At first it appears that the cat was killed in a bicycle
hit-and-run, and the culprit is Donny’s slacker-neighbor Davey (the
hilarious Adam Farabee). The true story is, of course, much more
complicated: the cat (a big, black, scruffy guerilla of felines named
Wee Thomas) actually belongs to Davey’s terrorist son Padriac (Blake
Ellis), a lieutenant in an IRA splinter group called the Irish National
Liberation Army (INLA). And it was assassinated by Padriac’s erstwhile
comrades as a ploy to get Padriac to rush home so they could kill him,
too. The story takes an entire play to unravel, which is part of the
beauty of McDonagh’s writing: He has a wonderful way of withholding
details and allowing his plays to get ever-more labyrinthine, saving
the “aha” moment for the very end.

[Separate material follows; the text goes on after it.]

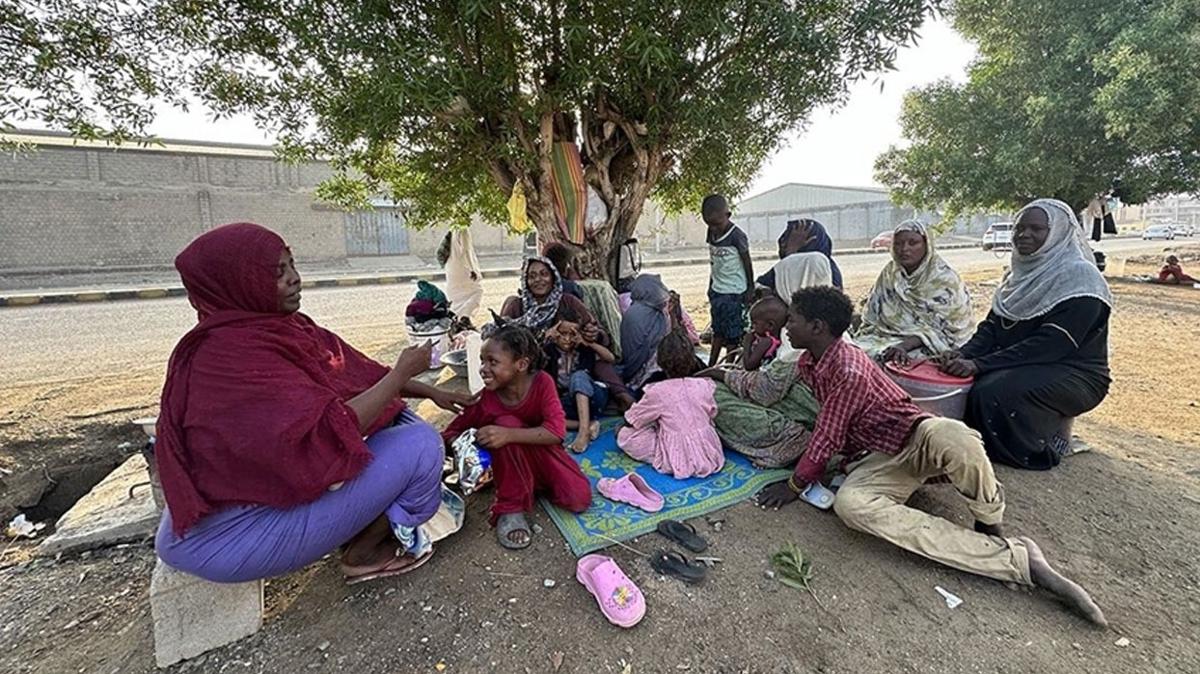 DS'den Sudan i sava aklamas: 6,8 milyon kii yerinden oldu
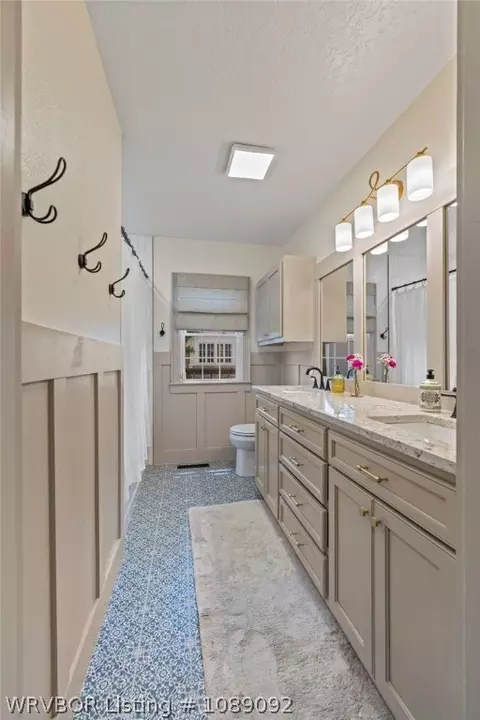 Bath - 2410 S M St, Fort Smith, AR 72901 photo 1 of 1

Nonetheless, McDonagh establishes
his characters and his political subtext right away.
The Lieutenant of Inishmore is really about the IRA and its
various splinter groups, all of which evidently saw violence as
something enabling and liberating — even though it rarely gets
them anywhere. In some respects, the play is very specifically Irish.
The socialist INLA was, in fact, a paramilitary faction launched in
1974 by defectors from the original IRA. Intended as a Marxist
separatist group, it targeted both the British and its parent
organization, the IRA, whose members were also attacking the British.
Only a person well-versed in Ireland’s tangled political history would
understand the point of forming a rogue group to undermine a large
liberation army, when both the rogue group and the large army appear to
be fighting a common enemy. But therein lies McDonagh’s humor. It turns
out he didn’t have to go to absurd lengths to poke fun at the INLA’s
utterly ineffectual approach. The outlandishness was already there for
him; All McDonagh had to do was throw a dead cat into the mix.
Given its subject matter, one would expect a surfeit of blood and
guts in The Lieutenant of Inishmore, and the play does not
disappoint. The (obviously fake) dead cat in scene 1 is just a preview
of coming attractions: In the course of two hours, we are treated to
torn fingernails, shooting massacres, eyes getting poked out, corpses
getting ripped from limb from limb, and roughly thirty gallons of fake
blood splashed across the stage. (The program notes say twelve —
but that seems conservative.) And, yes, this is a comedy. McDonagh’s
humor operates on many levels. There’s a slapstick element to most of
the character pairings: Davey and Donny, whose fear of Padriac leads
them to paint an orange cat with shoe polish and pretend it’s Wee
Thomas (which only gets everyone in deeper trouble); Padriac and the
drug pusher James, who come to a weird reconciliation when Padriac,
midway through torturing James, finds out that Wee Thomas is “poorly”;
Padriac and Davey’s tomboy sister Mairead (a surly but guileful Molly
Camp), whose sexual chemistry seems natural because they are both
sadistic, gun-wielding, political extremists with a soft spot for cats.
Even if you don’t understand the Irish references or find the actors’
accents unintelligible, there’s enough physical comedy to keep the play
moving forward.
Yet, McDonagh’s humor also operates on a more sophisticated level.
The weird alliances and disloyalties between his characters mirror the
ones in Ireland’s various political blocs. Neither Mairead nor Padriac
would hesitate to gun down a family member who stood in the way of
their political ambitions, just as the members of INLA are quick to
fight other Irish republican factions over an ideological splitting of
hairs. In fact, the tit-for-tat between members of McDonagh’s
fictionalized INLA has real historical grounding. “I’d’ve never joined
the INLA in the first place if I’d known the battering of cats was to
be on the agenda,” said Padriac’s would-be killer Joey (Michael Barett
Austin). “The INLA has gone down in my estimation today.”
Of course, the play’s big joke is Wee Thomas, the apparent Helen of
Troy in this production. When the real cat (yes, a real cat) crawls
through a back window, unscathed, you’ll hear a collective “awwwwww” in
the audience — followed by a shudder. We’ve just watched McDonagh
whack about two-thirds of his cast. Could he possibly add a furry
animal to the carnage? No one would put it past him.